No such conclusion arrived. When it was over I felt proud for having seen it through, but no more certain as to whether it was the right thing to do. My family and friends were as I’d left them. As to whether I was more capable of giving and receiving love, I was not. It took me many months to reconcile myself with the world of giving and receiving, so stark was its contrast to the undisturbed solitude of hermetic life.
Now, three weeks before the end of my time in Arnhem, again I feel desperate for conclusions. Where is the secret wisdom to heal my wounds? What solution have I found for the intractable problems of life in remote communities? I want a cause to fight for. But I haven’t one.
Yesterday began the funeral of a twelve year old boy who died sniffing petrol. His body was carried into a temporary shelter for a ceremony of songs and dances, in his wake women threw themselves repeatedly on the ground. One man struck himself in the head with a machete. Others drew close to dress his wound and provide comfort. They didn't panic. He’d simply been moved by grief.
Meanwhile last week I took eight kids to the Gold Coast on a surf camp, generously sponsored by Surfing Australia. For four days we lived and played in a state of the art facility, helped by phenomenal coaches who celebrated the kids’ every attempt to have a go. There was none of the usual teasing or shaming that so often levels the barren playing fields in community. The kids went to bed early. They ate three meals a day. By the end they were glowing. On the last day a local group of Indigenous kids visited and performed a traditional dance to welcome us to their country. Then everyone hung out and surfed together. The local kids were polite and well adjusted teenagers. In the wash of the ocean they had found some common ground on which to stand in both worlds.
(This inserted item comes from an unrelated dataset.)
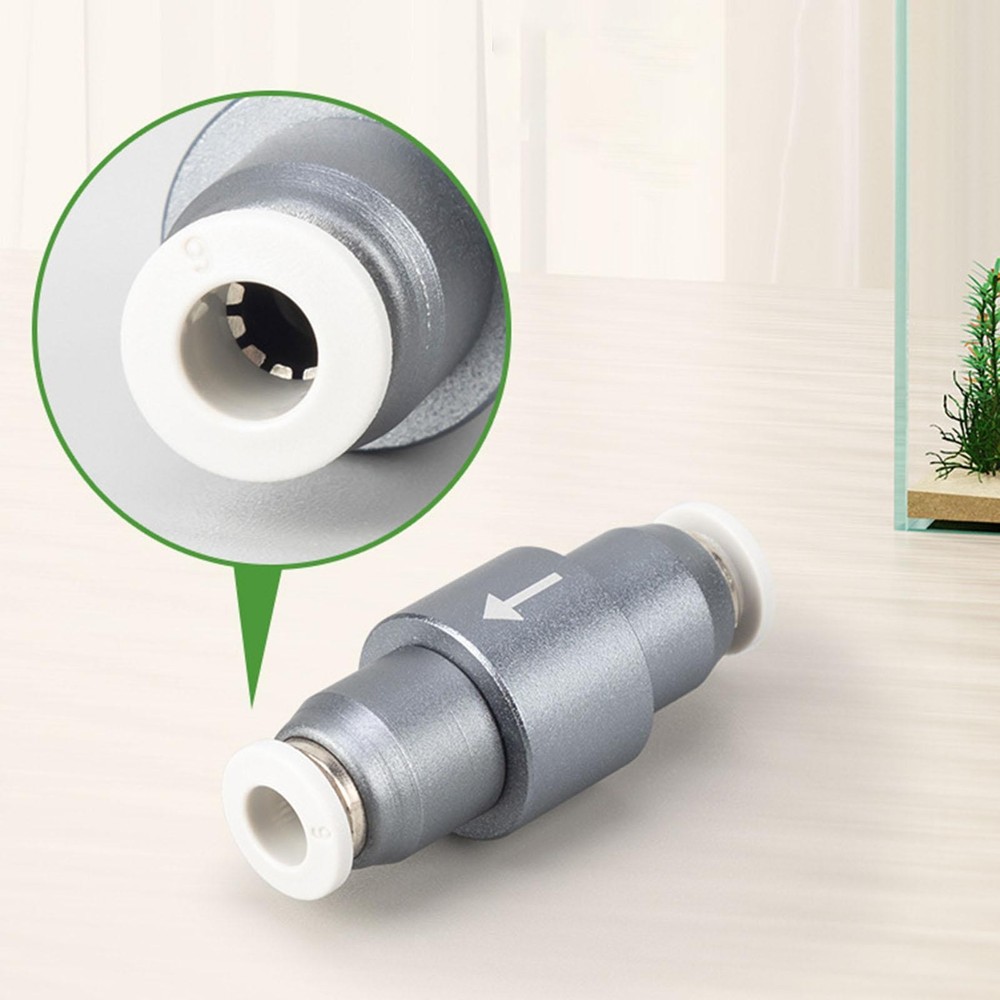 Fish Check Valve CO2 Line Regulator Diffuser CO2 Drop Checker for Non Backflow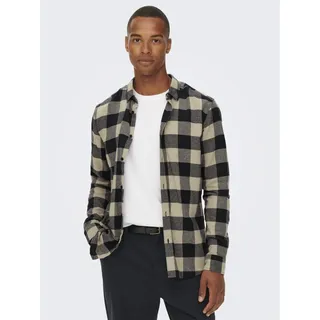 Only & Sons Freizeithemd kariert Blau M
That night our kids curled up on couches together. Instead of rap music and scary movies they watched YouTube videos of traditional songs and dances from their homeland communities. A few stood up to dance along. There were tears in my eyes.
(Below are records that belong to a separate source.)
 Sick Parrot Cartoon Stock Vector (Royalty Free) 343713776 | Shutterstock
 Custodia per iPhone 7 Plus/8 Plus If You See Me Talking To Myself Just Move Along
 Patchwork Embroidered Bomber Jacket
When we returned I felt convinced that the only way for kids in remote communities to improve their lot is to leave. To find their place in a global market of sub-cultures where every interest is catered for. Is that not the unprecedented gift to humanity of the free world stumbled upon in the West?
Then came another voice. Who are you to presume to advise a person to set aside the past for the promise of a future with no guarantees? You cannot speak for that which knows by what criteria to demand certain destinies of the hearts of human beings, let alone know what substance is safeguarded by those committed to the preservation of ahistoric traditions. Look around! Somewhere in the mess between an ancient way of life that no longer sustains itself and a way of life that doesn’t fully understand, a bunch of beautiful people are growing old together!
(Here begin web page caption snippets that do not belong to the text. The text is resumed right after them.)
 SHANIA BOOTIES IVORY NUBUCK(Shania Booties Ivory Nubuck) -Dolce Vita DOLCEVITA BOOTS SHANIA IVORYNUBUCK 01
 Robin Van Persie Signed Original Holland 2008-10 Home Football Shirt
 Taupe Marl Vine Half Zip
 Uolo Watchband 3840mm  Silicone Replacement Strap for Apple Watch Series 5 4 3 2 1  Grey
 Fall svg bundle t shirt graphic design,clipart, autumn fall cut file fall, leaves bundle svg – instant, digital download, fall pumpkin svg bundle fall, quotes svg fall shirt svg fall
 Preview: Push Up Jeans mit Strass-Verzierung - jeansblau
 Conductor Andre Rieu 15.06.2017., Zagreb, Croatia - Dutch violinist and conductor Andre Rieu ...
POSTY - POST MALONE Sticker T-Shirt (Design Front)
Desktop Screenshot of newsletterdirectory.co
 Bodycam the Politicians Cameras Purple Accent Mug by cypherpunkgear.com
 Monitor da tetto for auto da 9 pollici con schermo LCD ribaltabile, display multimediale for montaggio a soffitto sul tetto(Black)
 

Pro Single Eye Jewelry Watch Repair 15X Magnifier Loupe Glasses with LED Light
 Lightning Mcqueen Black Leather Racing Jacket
Over the past five months I’ve come to know something of the breadth and depth of human suffering. I’ve glimpsed behind the eyes of every child what is also behind my own, a spark, occasionally buried so deep. I’ve come to see that trying to understand is helpful in and of itself. But trying to understand is not the same as drawing conclusions. Its merely a way. A path guided by fragments of stories scrawled in forgotten languages on scraps of paper.